Montes sacaba consecuencias gravísimas para el futuro. «¿Cuál será el porvenir de la nación si la clase más instruida carece de moral y toma por norma de sus actos la pasión, el interés y el egoísmo?» Hay peligro de que estos hombres lleguen al poder y, haciendo «befa y escarnio de las instituciones democráticas», nieguen la existencia de los derechos imprescriptibles en que se fundan, y que consideren fábula la libertad humana, base de las responsabilidades, de la virtud y del patriotismo. El positivismo no es semillero de héroes; produce hombres que no saben distinguir entre el bien y el mal y que «califican de abstracción metafísica la idea de patria». El proyecto de la nueva Ley Orgánica de Instrucción Pública corrige todo eso.
Fueron dos los proyectos de universidad
La mayoría de las obras que tratan sobre la historia de la Universidad, hacen hincapié en el proyecto de ley de creación de la Universidad, que Justo Sierra presentó al Congreso en calidad de diputado federal en 1881. Dicho proyecto, como tal, no tuvo por entonces éxito material.
De los esfuerzos de 1881 surgieron no uno sino dos proyectos de creación de una Universidad Nacional. Esto se desprende de la lectura de las Obras completas de Justo Sierra, en lo que se refiere a sus trabajos sobre la Universidad, aunque en algunas fuentes secundarias se omite aclararlo.
Quizá más que un error de omisión, se trate de uno de apreciación, ya que por otro lado los textos de estos proyectos son casi iguales, aunque no idénticos.
La confusión, en algunos casos real y en otros sólo aparente, puede quedar resuelta de la siguiente forma:
a) Hay dos proyectos en 1881 que son casi iguales.
b) El primero, que según las Obras completas, tomo VIII fue turnado del periódico El Centinela Español con fecha del 10 de febrero de 1881, corresponde al que algunos autores mencionan como presentado ante una comisión especializada el 11 de febrero del mismo año. Sin embargo, de acuerdo con el erudito estudio de O’Gorman, Justo Sierra publicó este proyecto por primera vez en febrero de 1881 en un periódico que el mismo dirigía: La Libertad.
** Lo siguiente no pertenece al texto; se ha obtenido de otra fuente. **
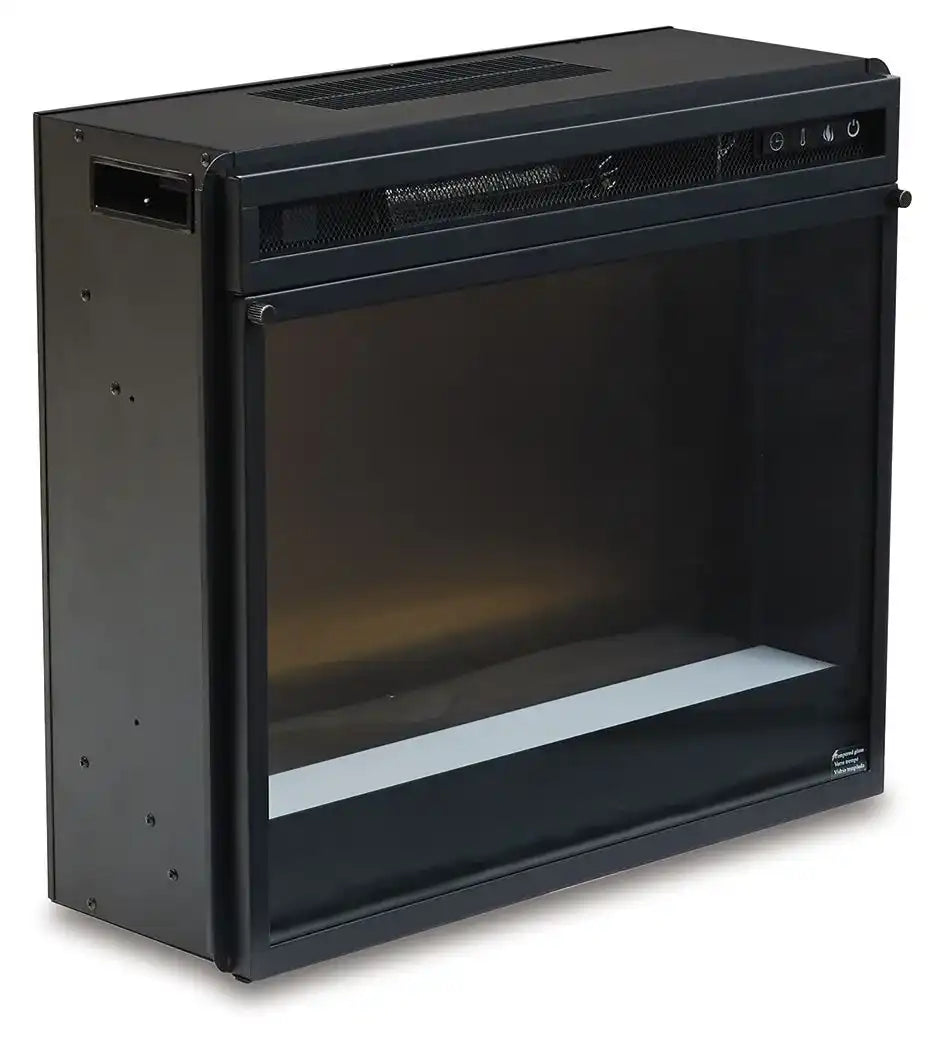 Entertainment Accessories - Black - Fireplace Insert Glass/Stone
c) El segundo de ellos, presentado al Congreso con el apoyo suscrito de las diputaciones de los estados de Veracruz, Aguascalientes, Jalisco y Puebla, tiene fecha del 7 de abril de 1881.
d) Según las anotaciones de Agustín Yáñez al tomo VIII (cfr. Los debates de la Cámara de Diputados. Décima Legislatura Constitucional de la Unión t. 11, México, 1881 p. 289): Las comisiones no rindieron dictamen, el asunto quedó en suspenso hasta la nueva promoción de 1910 hecha por el mismo autor, pero en términos bien diferentes.